Si les troupes coloniales jouissent, puisque combattant pour la France, du prestige dont bénéficient les poilus, auxquels elles sont d’ailleurs parfois associées dans les publicités, elles ne sont pas représentées et considérées de la même manière. À partir du début du XXe siècle, face à la montée des périls en Europe, le recrutement de troupes coloniales s’intensifie en Afrique Noire, considérée comme un potentiel réservoir d’hommes face au danger allemand et à la crise démographique du pays. Dans ce contexte, les Africains noirs, alors perçus comme des sauvages, doivent se transformer en vrais militaires au service de la mère patrie, qui se charge en échange de leur apporter les progrès de la civilisation. Dès lors, il faut « désensauvager » ce soldat, et la chéchia rouge à gland bleu réglementaire est le premier signe d’humanisation par l’armée, pour devenir ensuite le symbole du tirailleur[12]. Dès l’été 1914, les premiers contingents de Sénégalais arrivent à Sète et Marseille pour être envoyés sur la Marne. Puis, dès 1915, l’État-Major a recours au recrutement forcé en Afrique. Dans l’imaginaire collectif émerge la figure du « bon noir », opposée au « fourbe arabe » (ce dernier n’apparaissant dès lors pas, ou si peu, dans les publicités de l’époque). L’Africain, à mi-chemin entre le sauvage et l’homme civilisé, devient ce grand enfant, que l’on doit accompagner vers l’âge adulte qu’est la civilisation. La Grande Guerre fait donc évoluer la vision de l’Africain : combattant désormais pour la France, le noir n’est plus vu comme ce sauvage. La guerre de 1914-1918 a donc marqué un tournant essentiel dans les représentations des colonisés et de l'Empire.
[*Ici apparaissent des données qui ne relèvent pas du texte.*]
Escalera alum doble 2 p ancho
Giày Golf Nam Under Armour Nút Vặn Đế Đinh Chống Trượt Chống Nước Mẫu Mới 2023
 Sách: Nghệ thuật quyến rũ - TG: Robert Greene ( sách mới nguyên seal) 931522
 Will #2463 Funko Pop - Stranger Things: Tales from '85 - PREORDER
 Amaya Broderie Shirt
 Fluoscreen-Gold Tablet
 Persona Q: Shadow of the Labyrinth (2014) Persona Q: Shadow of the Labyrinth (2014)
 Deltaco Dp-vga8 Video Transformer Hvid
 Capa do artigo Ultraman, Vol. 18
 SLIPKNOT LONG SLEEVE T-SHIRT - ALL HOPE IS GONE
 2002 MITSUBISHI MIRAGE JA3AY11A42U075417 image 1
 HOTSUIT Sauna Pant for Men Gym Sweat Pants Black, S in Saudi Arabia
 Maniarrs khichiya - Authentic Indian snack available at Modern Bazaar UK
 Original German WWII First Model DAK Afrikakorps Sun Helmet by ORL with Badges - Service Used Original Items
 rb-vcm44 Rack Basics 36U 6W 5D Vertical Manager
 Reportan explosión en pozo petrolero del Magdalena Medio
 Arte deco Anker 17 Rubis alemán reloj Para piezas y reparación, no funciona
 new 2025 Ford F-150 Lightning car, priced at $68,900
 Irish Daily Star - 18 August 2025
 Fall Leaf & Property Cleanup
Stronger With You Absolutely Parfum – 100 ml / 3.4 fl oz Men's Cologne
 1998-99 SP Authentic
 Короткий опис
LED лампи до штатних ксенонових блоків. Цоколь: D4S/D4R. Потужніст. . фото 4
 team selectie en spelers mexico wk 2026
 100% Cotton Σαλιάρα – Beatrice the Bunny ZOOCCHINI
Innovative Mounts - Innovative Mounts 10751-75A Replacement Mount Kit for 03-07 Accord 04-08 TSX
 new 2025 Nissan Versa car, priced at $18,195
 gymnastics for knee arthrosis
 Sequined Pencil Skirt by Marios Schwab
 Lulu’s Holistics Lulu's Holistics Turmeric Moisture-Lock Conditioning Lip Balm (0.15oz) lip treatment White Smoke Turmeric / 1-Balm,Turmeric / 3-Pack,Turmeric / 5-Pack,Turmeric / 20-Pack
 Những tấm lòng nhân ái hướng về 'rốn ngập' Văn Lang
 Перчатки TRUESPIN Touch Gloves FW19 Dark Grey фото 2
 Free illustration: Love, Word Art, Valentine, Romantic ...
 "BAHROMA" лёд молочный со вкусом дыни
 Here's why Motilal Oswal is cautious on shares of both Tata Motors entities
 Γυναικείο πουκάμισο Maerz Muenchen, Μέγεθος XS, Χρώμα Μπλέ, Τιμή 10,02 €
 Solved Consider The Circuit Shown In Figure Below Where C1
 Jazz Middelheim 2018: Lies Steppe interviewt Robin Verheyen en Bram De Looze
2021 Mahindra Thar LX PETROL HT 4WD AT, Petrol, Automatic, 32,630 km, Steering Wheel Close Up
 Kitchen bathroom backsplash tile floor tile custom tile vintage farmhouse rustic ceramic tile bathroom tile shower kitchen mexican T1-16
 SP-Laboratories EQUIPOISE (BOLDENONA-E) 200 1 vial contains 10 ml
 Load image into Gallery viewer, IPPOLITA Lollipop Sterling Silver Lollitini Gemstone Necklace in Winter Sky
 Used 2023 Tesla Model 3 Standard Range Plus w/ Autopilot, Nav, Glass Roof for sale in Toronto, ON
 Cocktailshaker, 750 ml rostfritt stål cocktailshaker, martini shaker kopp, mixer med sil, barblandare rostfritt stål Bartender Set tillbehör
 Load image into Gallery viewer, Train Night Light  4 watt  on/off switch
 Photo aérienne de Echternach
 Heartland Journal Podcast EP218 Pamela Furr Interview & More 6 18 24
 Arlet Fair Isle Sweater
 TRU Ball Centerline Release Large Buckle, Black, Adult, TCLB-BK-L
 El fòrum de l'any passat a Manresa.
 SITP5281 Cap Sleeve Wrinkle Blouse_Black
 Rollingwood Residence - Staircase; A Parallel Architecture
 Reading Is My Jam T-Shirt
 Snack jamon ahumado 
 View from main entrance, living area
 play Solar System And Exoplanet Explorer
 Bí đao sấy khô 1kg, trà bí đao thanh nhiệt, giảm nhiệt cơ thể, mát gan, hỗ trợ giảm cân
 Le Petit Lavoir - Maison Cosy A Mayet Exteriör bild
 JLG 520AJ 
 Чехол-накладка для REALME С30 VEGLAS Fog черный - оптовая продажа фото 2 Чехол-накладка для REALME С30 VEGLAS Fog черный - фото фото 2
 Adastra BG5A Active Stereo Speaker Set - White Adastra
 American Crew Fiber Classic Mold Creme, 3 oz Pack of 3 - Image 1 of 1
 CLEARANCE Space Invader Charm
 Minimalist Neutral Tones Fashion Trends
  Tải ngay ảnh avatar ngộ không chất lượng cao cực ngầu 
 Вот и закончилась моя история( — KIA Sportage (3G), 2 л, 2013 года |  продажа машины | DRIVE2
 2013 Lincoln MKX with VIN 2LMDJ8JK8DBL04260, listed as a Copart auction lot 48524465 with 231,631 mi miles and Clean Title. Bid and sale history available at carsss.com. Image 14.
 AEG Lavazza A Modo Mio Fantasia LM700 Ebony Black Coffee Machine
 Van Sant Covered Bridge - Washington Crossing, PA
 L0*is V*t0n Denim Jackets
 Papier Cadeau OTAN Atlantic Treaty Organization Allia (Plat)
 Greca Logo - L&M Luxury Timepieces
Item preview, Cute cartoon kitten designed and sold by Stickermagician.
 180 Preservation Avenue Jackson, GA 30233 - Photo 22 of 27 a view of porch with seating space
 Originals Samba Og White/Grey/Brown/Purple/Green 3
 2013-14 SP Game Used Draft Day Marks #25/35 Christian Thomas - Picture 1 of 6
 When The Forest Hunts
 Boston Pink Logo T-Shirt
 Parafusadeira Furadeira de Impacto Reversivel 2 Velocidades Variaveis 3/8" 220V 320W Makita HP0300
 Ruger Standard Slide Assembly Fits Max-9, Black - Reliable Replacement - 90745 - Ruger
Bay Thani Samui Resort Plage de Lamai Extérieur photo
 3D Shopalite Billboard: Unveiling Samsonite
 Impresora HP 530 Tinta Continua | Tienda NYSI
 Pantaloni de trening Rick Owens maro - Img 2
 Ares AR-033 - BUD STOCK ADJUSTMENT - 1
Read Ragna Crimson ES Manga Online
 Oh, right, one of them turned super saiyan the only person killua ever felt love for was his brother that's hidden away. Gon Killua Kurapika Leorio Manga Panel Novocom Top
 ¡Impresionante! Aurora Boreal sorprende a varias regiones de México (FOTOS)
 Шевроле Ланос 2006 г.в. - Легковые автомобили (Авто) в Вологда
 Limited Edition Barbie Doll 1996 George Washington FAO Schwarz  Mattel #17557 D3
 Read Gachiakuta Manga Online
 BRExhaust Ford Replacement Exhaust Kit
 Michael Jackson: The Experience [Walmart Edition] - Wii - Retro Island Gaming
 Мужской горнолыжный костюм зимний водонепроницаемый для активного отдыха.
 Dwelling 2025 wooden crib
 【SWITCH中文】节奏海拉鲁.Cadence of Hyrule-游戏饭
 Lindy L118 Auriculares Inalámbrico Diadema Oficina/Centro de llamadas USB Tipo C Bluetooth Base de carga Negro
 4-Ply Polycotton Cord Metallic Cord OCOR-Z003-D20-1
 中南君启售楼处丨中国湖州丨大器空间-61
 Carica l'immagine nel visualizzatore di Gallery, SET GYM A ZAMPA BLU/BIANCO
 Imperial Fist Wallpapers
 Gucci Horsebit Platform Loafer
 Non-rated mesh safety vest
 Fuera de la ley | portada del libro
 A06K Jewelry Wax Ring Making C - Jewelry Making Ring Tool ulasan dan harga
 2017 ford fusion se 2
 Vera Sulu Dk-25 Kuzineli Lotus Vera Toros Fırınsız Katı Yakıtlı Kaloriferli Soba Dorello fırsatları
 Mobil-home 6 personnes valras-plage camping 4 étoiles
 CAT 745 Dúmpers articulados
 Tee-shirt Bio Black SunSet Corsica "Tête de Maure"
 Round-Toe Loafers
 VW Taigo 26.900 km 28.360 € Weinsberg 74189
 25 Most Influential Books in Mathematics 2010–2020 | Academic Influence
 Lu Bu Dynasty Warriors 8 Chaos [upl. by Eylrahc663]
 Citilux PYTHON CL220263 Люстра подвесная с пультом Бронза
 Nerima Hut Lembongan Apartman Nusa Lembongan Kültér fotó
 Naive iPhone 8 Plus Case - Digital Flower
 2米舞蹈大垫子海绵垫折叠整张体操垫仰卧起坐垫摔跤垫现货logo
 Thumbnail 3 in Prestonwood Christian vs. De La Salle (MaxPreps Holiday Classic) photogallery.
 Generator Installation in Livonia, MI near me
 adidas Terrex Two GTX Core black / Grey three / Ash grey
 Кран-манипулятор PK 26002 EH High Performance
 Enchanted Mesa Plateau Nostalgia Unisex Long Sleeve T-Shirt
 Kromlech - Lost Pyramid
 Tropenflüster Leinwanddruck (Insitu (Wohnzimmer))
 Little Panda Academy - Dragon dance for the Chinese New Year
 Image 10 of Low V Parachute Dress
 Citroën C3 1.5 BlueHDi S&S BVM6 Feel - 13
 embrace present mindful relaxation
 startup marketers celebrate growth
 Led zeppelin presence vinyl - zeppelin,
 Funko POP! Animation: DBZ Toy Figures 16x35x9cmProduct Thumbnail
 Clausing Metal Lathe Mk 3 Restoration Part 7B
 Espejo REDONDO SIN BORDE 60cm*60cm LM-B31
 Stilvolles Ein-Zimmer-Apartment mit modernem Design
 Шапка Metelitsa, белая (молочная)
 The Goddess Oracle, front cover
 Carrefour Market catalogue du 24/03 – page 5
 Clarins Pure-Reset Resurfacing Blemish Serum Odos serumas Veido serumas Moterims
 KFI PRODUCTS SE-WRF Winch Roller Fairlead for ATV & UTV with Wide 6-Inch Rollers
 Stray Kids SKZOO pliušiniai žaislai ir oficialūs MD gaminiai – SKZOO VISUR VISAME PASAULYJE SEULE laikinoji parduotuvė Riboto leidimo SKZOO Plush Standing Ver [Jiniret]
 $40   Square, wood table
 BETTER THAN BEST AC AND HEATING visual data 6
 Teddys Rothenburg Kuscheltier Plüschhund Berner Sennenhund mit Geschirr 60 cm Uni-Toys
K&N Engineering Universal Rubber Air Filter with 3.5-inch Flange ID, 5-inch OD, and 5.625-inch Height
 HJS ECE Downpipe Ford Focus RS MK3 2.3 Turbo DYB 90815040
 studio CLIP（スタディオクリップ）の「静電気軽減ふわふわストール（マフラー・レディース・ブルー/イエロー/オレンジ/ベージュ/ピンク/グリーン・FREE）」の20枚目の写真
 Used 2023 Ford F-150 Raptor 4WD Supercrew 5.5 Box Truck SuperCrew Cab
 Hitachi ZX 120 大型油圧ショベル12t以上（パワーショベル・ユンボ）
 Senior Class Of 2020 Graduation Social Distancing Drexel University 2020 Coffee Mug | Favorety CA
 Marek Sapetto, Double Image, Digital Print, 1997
La célèbre publicité de 1915 pour Banania témoigne bien de cette évolution : on y voit le stéréotype du « bon noir », du « grand enfant », personnage naïf, gentil, un peu simplet, mais généreux et puissant. On le perçoit en outre comme loyal, dévoué à la « mère-patrie », doté d’une importante force physique, comme le montre la publicité pour le Dentol parue dans L’Illustration du 24 juillet 1915, montrant un tirailleur, grand sourire aux lèvres, s’élançant à la poursuite d’un soldat allemand. Les représentations physiques demeurent pour leur part très stéréotypées : le noir reste représenté avec des yeux immenses, des lèvres lippues, dents toutes dehors, nez exagérément épaté, le tout accentué par le langage « petit nègre », signe évident de son « infériorité » ; on insiste et accentue l’altérité, en la rendant presque monstrueuse. Cette représentation stéréotypée du noir, au niveau du physique comme du langage, ressort très bien dans la publicité Dentol parue dans le Petit Parisien le 13 mai 1916. Le langage « petit nègre » est ainsi bien présent : « Li, peau blanche, manger pain K.K., plus de dents. Moi, peau noire, dents blanches, grâce au Dentol ». Cette publicité accentue aussi les traits physiques associés aux noirs, tout comme la publicité pour l’Urodonal parue dans Fantasio le 1er novembre 1916, qui représente encore une fois un noir toutes dents dehors, aux yeux écarquillés. La publicité reflète donc bien les visions paternalistes et racistes de la société française de l’époque, ainsi que l’évolution de l’image de l’Africain, passé du statut de « sauvage » à celui de « bon noir » par sa participation à la guerre.

REPRÉSENTATION DE L’ENNEMI ET RETOUR DE L'IDÉE DE REVANCHE

L’Alsace-Lorraine dans la publicité de guerre

Malgré l’inimitié réelle entre la France et l’Allemagne durant les décennies allant de la guerre franco-prussienne à la Grande Guerre, l’idée de revanche s’est, elle, effacée peu à peu. Cette question passe à l’arrière-plan, et la majorité des Français, dans les décennies d’avant-guerre, aspire surtout à vivre en paix. Mais, quand la guerre éclate et que les troupes françaises pénètrent en Alsace en août 1914, la reconquête devient un objectif militaire, et elle restera ensuite le seul et unique but de guerre revendiqué par le gouvernement français durant toute la période du conflit. Cette idée de « revanche » réapparait alors, dans la presse, la littérature, ou encore dans les cartes postales éditées durant la période, mais elle met surtout l’accent sur la vision d’une Alsace-Moselle et de sa population vues comme victimes d’une Allemagne tyrannique.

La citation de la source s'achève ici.